The permanent representative of the Federated States of Micronesia (FSM) to the United Nations in New York, Ambassador Jeem Lippwe has emphasised the urgent need for decisive global action on ocean protection in light of the climate crisis.

“Micronesia welcomes the reports of the UN Secretary-General under Article 319 of the Convention,” Ambassador Lippwe said in a statement at the Thirty-fourth Meeting of States Parties to the UN Convention on the Law of the Sea (UNCLOS).

He stressed that these reports offer critical insights, especially when considering the severe impacts of climate change on marine environments.

Ambassador Lippwe highlighted the unprecedented crisis facing the oceans due to anthropogenic greenhouse gas emissions.

“The Ocean is in a severe crisis, to a degree that is unprecedented in recorded human history,” he said.

He referenced the advisory opinion from the International Tribunal for the Law of the Sea, which classified such emissions as pollution under the Convention.

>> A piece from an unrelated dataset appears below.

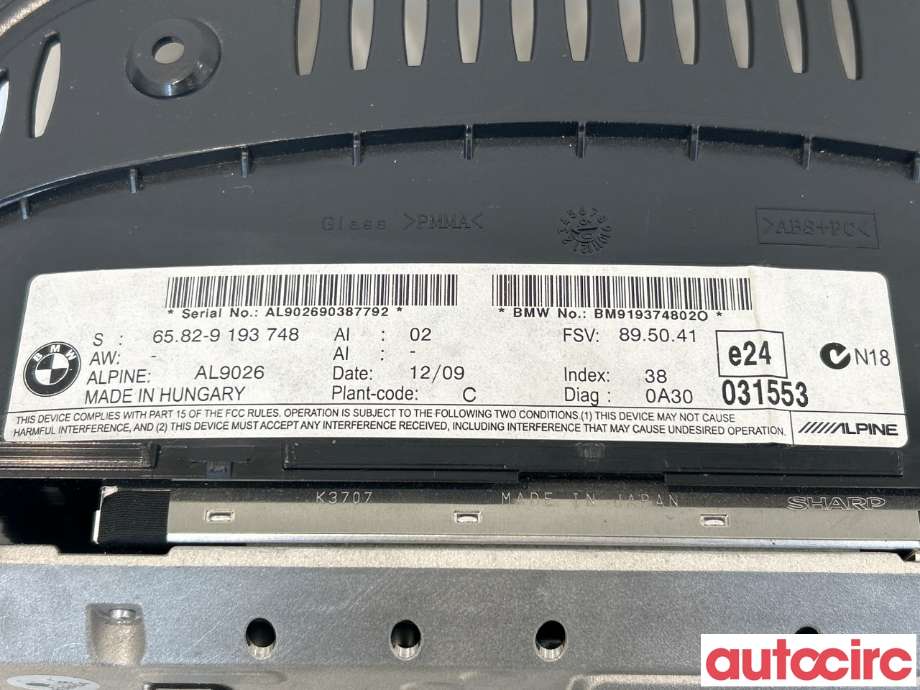 Instrumentpanel til BMW 5-Serie 2003-2010 (E60/E61) (E60/E61) (BMW|62109194889|65829193748)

According to Ambassador Lippwe, the Tribunal stressed the importance of limiting the global temperature rise to 1.5 degrees Celsius above pre-industrial levels to fulfill State Parties’ obligations regarding marine pollution.

He pointed out that merely adhering to the commitments under the UN Framework Convention on Climate Change and the Paris Agreement might not be enough.

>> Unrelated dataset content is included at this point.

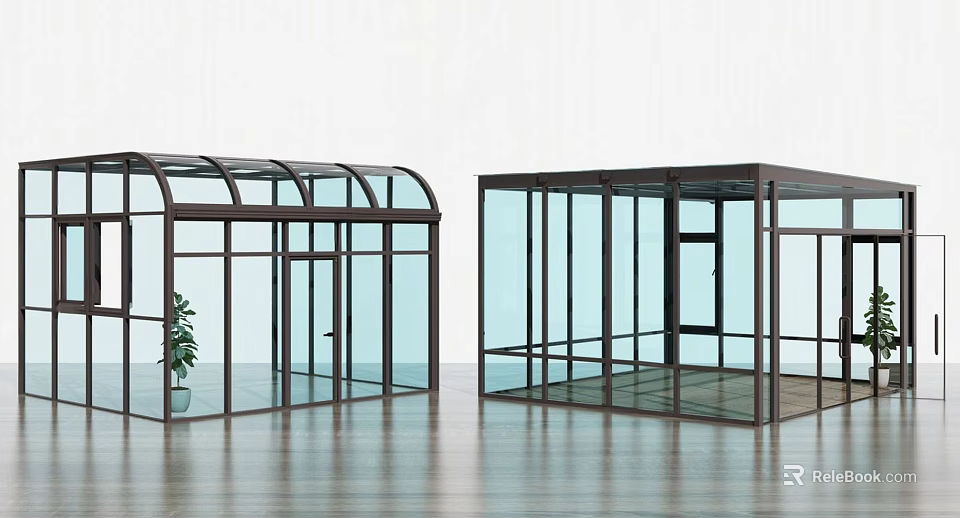 Modern Glass Enclosures With Arch Flat Roofs Black Frames Transparent Glass Wooden Flooring And Plant 3d model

“Micronesia echoes the Tribunal’s determination that while all States Parties are obligated to address anthropogenic greenhouse gas emissions, those with greater resources and capabilities must take the lead,” Ambassador Lippwe stressed.

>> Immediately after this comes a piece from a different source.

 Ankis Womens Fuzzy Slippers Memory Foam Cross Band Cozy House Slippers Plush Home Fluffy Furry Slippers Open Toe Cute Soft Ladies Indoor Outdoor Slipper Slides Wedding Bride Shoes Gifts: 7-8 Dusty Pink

This includes efforts in emission mitigation, finance provision, technology transfer, and capacity building for less-resourced nations.

“States Parties are very far off the mark in discharging these obligations,” he warned, urging vigilance and accountability for breaches under the Convention.

Turning to seabed mining, Ambassador Lippwe acknowledged the work of the International Seabed Authority (ISA) on the Mining Code but cautioned against hasty actions.

“One of our guiding principles is that addressing the needs of the present generation must not come at the expense of future generations,” he emphasised.

Ambassador Lippwe argued that while transitioning away from fossil fuels is crucial, it should not result in poorly regulated exploitation of marine areas, potentially causing a new form of pollution.

“Replacing one form of harm to the marine environment with another is not a responsible approach to Ocean management,” he said, citing Article 195 of the Convention which prohibits transforming one form of marine pollution into another.

Ambassador Lippwe also celebrated the adoption of the Biodiversity Beyond National Jurisdiction (BBNJ) Agreement, urging swift ratification by all States.

“Micronesia was the first State to sign and the seventh to deposit an instrument of ratification for the Agreement,” he noted. The nation has included declarations in its instrument of ratification, affirming that maritime zones established in accordance with the Convention will continue to apply despite climate change-related sea-level rise.

He encouraged other States to adopt similar declarations, highlighting the era’s climate crisis.